--- Task to carry out ---
All entries given below are to be returned word for word.

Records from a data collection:
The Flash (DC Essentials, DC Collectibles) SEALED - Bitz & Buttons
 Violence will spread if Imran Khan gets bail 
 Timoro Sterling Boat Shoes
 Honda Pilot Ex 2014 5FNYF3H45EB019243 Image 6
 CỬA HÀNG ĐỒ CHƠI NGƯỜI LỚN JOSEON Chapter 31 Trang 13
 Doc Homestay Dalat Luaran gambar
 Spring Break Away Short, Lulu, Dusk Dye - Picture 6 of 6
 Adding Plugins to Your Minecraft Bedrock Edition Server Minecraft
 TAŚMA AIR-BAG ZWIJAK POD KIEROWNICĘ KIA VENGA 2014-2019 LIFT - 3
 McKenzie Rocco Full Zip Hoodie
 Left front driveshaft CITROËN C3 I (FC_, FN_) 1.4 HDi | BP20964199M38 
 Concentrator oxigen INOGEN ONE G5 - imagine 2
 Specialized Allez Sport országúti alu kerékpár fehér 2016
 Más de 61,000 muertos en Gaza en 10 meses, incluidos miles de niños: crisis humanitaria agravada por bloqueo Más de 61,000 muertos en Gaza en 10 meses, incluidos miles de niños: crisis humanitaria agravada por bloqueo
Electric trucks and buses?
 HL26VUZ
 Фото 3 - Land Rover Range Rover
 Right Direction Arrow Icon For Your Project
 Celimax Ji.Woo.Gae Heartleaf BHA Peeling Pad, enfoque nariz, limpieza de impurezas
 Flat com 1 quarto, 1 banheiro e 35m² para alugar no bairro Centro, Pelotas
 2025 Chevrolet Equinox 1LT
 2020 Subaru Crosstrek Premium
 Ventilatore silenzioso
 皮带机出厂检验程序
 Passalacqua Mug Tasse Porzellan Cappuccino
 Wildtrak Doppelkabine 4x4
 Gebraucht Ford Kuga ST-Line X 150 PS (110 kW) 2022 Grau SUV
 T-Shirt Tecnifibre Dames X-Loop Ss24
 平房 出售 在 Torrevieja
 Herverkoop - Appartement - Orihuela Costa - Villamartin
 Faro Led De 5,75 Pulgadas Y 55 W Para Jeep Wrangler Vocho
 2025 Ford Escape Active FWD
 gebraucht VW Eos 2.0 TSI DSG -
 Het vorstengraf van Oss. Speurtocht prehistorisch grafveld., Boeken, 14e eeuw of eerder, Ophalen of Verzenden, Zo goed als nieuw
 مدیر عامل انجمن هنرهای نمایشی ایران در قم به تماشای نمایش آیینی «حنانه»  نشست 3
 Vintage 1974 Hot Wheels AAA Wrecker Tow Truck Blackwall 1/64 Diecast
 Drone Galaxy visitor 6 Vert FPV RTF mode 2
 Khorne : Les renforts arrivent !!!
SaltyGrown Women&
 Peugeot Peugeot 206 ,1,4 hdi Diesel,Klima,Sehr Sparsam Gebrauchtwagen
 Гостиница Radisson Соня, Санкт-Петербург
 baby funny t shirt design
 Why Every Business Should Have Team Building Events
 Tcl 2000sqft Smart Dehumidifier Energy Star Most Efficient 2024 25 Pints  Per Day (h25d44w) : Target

--- Response area ---
The Flash (DC Essentials, DC Collectibles) SEALED - Bitz & Buttons
 Violence will spread if Imran Khan gets bail 
 Timoro Sterling Boat Shoes
 Honda Pilot Ex 2014 5FNYF3H45EB019243 Image 6
 CỬA HÀNG ĐỒ CHƠI NGƯỜI LỚN JOSEON Chapter 31 Trang 13
 Doc Homestay Dalat Luaran gambar
 Spring Break Away Short, Lulu, Dusk Dye - Picture 6 of 6
 Adding Plugins to Your Minecraft Bedrock Edition Server Minecraft
 TAŚMA AIR-BAG ZWIJAK POD KIEROWNICĘ KIA VENGA 2014-2019 LIFT - 3
 McKenzie Rocco Full Zip Hoodie
 Left front driveshaft CITROËN C3 I (FC_, FN_) 1.4 HDi | BP20964199M38 
 Concentrator oxigen INOGEN ONE G5 - imagine 2
 Specialized Allez Sport országúti alu kerékpár fehér 2016
 Más de 61,000 muertos en Gaza en 10 meses, incluidos miles de niños: crisis humanitaria agravada por bloqueo Más de 61,000 muertos en Gaza en 10 meses, incluidos miles de niños: crisis humanitaria agravada por bloqueo
Electric trucks and buses?
 HL26VUZ
 Фото 3 - Land Rover Range Rover
 Right Direction Arrow Icon For Your Project
 Celimax Ji.Woo.Gae Heartleaf BHA Peeling Pad, enfoque nariz, limpieza de impurezas
 Flat com 1 quarto, 1 banheiro e 35m² para alugar no bairro Centro, Pelotas
 2025 Chevrolet Equinox 1LT
 2020 Subaru Crosstrek Premium
 Ventilatore silenzioso
 皮带机出厂检验程序
 Passalacqua Mug Tasse Porzellan Cappuccino
 Wildtrak Doppelkabine 4x4
 Gebraucht Ford Kuga ST-Line X 150 PS (110 kW) 2022 Grau SUV
 T-Shirt Tecnifibre Dames X-Loop Ss24
 平房 出售 在 Torrevieja
 Herverkoop - Appartement - Orihuela Costa - Villamartin
 Faro Led De 5,75 Pulgadas Y 55 W Para Jeep Wrangler Vocho
 2025 Ford Escape Active FWD
 gebraucht VW Eos 2.0 TSI DSG -
 Het vorstengraf van Oss. Speurtocht prehistorisch grafveld., Boeken, 14e eeuw of eerder, Ophalen of Verzenden, Zo goed als nieuw
 مدیر عامل انجمن هنرهای نمایشی ایران در قم به تماشای نمایش آیینی «حنانه»  نشست 3
 Vintage 1974 Hot Wheels AAA Wrecker Tow Truck Blackwall 1/64 Diecast
 Drone Galaxy visitor 6 Vert FPV RTF mode 2
 Khorne : Les renforts arrivent !!!
SaltyGrown Women&
 Peugeot Peugeot 206 ,1,4 hdi Diesel,Klima,Sehr Sparsam Gebrauchtwagen
 Гостиница Radisson Соня, Санкт-Петербург
 baby funny t shirt design
 Why Every Business Should Have Team Building Events
 Tcl 2000sqft Smart Dehumidifier Energy Star Most Efficient 2024 25 Pints  Per Day (h25d44w) : Target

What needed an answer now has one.